In order to which, the Apalataean Mountains (though like the prodigious Wall
that divides China and Tartary, they deny Virginia passage into the West
Continent) stoop to your Lordship's Dominions, and lay open a Prospect into
unlimited Empires; Empires that will hereafter be ambitious of subjection to
that noble Government which by your Lordships deep wisdom and providence first
projected, is now established in Carolina; for it will appear that she
flourishes more by the influence of that, than the advantages she derives from
her Climate and Soyl, which yet do render her the Beauty and Envy of
North-America.
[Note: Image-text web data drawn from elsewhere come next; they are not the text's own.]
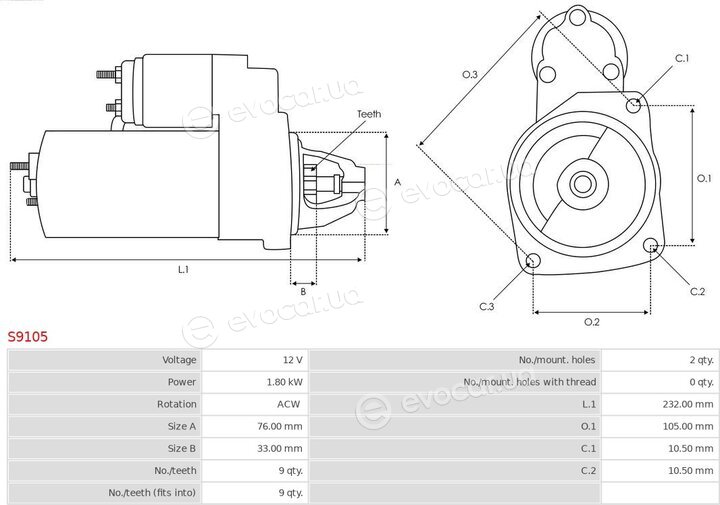 AS S9105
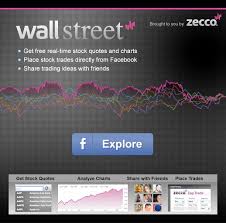 You can also build watch lists and see historical. Zecco Launches App To Let You Trade Stocks View Realtime Stock Market Data On Facebook Techcrunch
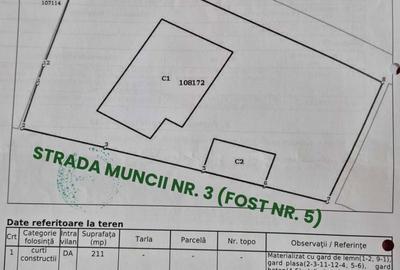 Spațiu comercial, în Central - 2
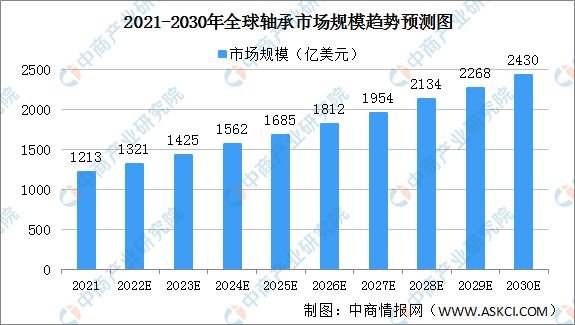 2022年全球轴BD半岛承市场规模及竞争格局预测分析(图1)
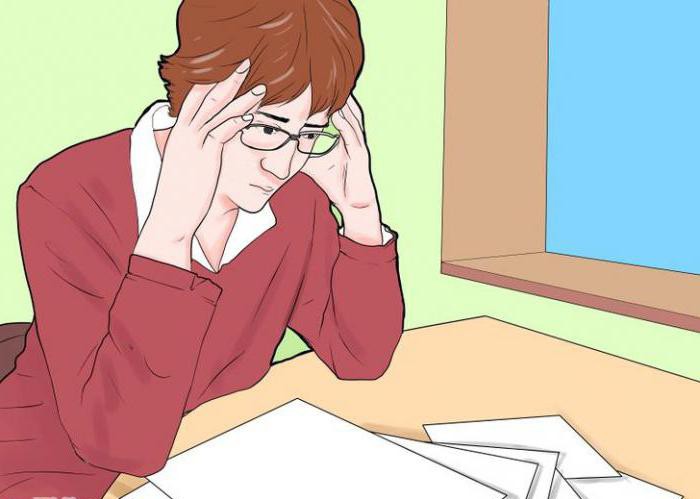 labor code st 77 tk rf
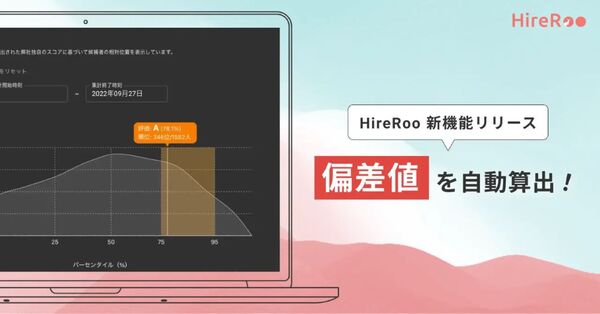 ハイヤールー、コーディング試験サービス「HireRoo」に偏差値機能を追加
That all her glories should be seen in this Draught, is not
reasonably to be expected, since she sate to my Author but once, and then too
with a side-face; and therefore I must own it was never by him designed for the
Press, but published by me, out of no other ambition than that of manifesting
to the world, that I am, My Lord,
Your Lordships most humble and obedient Servant,
William Talbot.
Talbot also
wrote –
That a Stranger should presume (though with Sir
William Berkeley's Commission) to go into those Parts of the American Continent
where Englishmen never had been, and whither some refused to accompany him,
was, in Virginia look's on as so great an insolence, that our Traveler at his
Return, instead of Welcome and Applause, met nothing but Affronts and
Reproaches; for indeed it was their part, that forsook him in the Expedition,
to procure him discredit that was a witness to theirs: Therefore no industry
was wanting to prepare Men with a prejudice against him, and this their malice
improved to such a general Animosity, that he was not safe in Virginia from the
outrage of the People, drawn into a persuasion, that the Publick Levy of that
year, went all to the expense of his Vagaries. Forced by this storm into
Maryland, he became known to me, though then ill-affected to the Man, by the
stories that went about of him: Nevertheless finding him, contrary to my
expectation, a modest ingenious person, &a pretty Scholar, I thought it
common Justice to give him an occasion of vindicating himself from what I had
heard of him; which truly he did with so convincing Reason and circumstance, as
quite abolished those former impressions in me, and made me desire this Account
of his Travels, which here you have faithfully rendered out of Latin from his
own Writings and Discourse, with an entire Map of the Territory he traversed,
copied from his own hand. All these I have compared with Indian Relations of
those parts (though I never met with any Indian that had followed a
Southwest-Course so far as this German) and finding them agree, I thought the
Printing of these Papers was no injury to the Author, and might prove a Service
to the Publick.
William Talbot.
We know
John Lederer was commissioned by Governor William Barkeley “to go into those
Parts of the American Continent where Englishmen never had been.” What did Lederer
find on his three journeys?
Lederer's contact the Monacan and
Saponi
The
following is an interesting observation made in Lederer's work. He states;
“The Highlands (in Indian, Ahkontshuck) begin at those
falls, and determine at the foot of the great ridge of Mountains that runs
through the midst of this Continent, Northeast and Southwest, called by the
Spaniards Apalataei, from the Nation Apalakin; and by the Indians, Paemotinck.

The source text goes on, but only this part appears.